What is critical to remember is the PC-Contract-Whenever-Possible approach of Fink 1.0 . In addition to the PW purchase of the Gardner Branch in 1974, the PW did get rights on the Worcester-Ayer line sometime in the middle-late 1980s. The PW even had its own "No Trespassing" signs at the Prescott Street, West Boylston, crossing and probably others. The PW also installed solar power for the Prescott Street protection, the town's municipal power stopping a few hundred yards before the crossing and welled batteries providing the pre-solar power. On the subject of rights, B&M and then Guilford maintained rights to Norton -- now Saint Gobain -- off the Gardner Branch.
When Guilford sought to downgrade West End service to increase savings on ROW, power, and crews, it began to shift racks and coal to Conrail via the Worcester gateway with the PW allowing overhead to Shea, Shea to Ayer reverting to Guilford. As part of the "upgrade" of the Worcester Main, Guilford got the West Boylston Municipal Lighting Plant to extend electrical service to the crossing, replacing the solar. How many other crossings in other municipalities were similarly affected is something I don't know.
Sometime before the middle of 1990, Guilford and Conrail attempted to run general freight over the PW to Shea in violation of the earlier rights agreement. PW refused to issue orders, and a negotiation took place that eventually permitted general in addition to coal and racks.
The breakup of Conrail and NS's interest in getting as much of a favorable rate division on the coal and racks that generally originated on its newly-acquired lines, not to mention general and IM, led to PAS and its not-yet fully-realized rehabilitation of the RJ/CPF-312 route.
If the pre-G&W PW felt a bit whipsawed by Guilford, the pre-and-post-G&W NECR dealings with Guilford/PAS have probably done little to reduce PW suspicion of PAR/S under the G&W. The Hill Yard barely has capacity as it is. Add racks and general to and from the PW -- absent at least 3 more tracks being rebuilt -- and capacity will be exceeded. Additionally, the Clinton siding is adequate only for locals and work trains. Increase the number of movements with racks to and from Worcester and the new chokepoint of power swaps at Greendale. The old auto yard might serve for storage, but given the need to get headway from the T, little else.

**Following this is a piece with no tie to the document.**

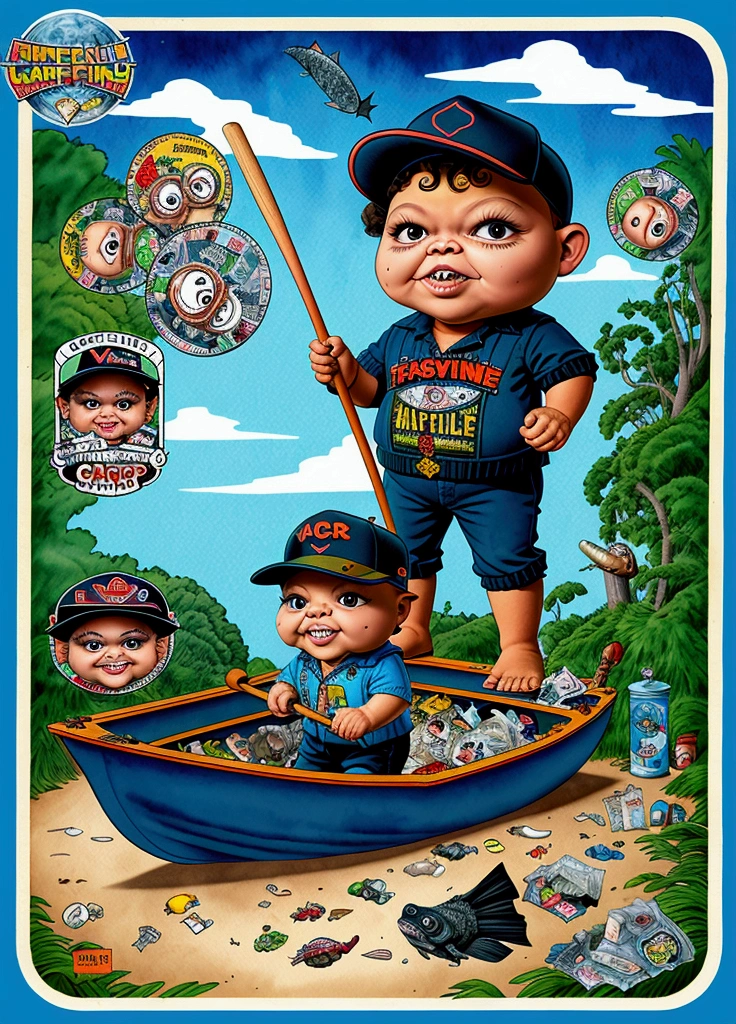 Frank the fisherman catching a big fish , bat in left hand, ((garbage pail kids style)), on a small boat, cartoon, high quality, watercolor, detailed, full body, wide angle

However wasteful and inefficient it might seem, the PW's continued use of the Gardner Branch provides an operational flexibility and certainty that shifting to the Worcester Main would not, absent a major PAR -- not PAS -- or Commonwealth investment in a major passing siding and increased capacity at Greendale and the Hill Yard.
"A gray crossover is definitely not company transportation."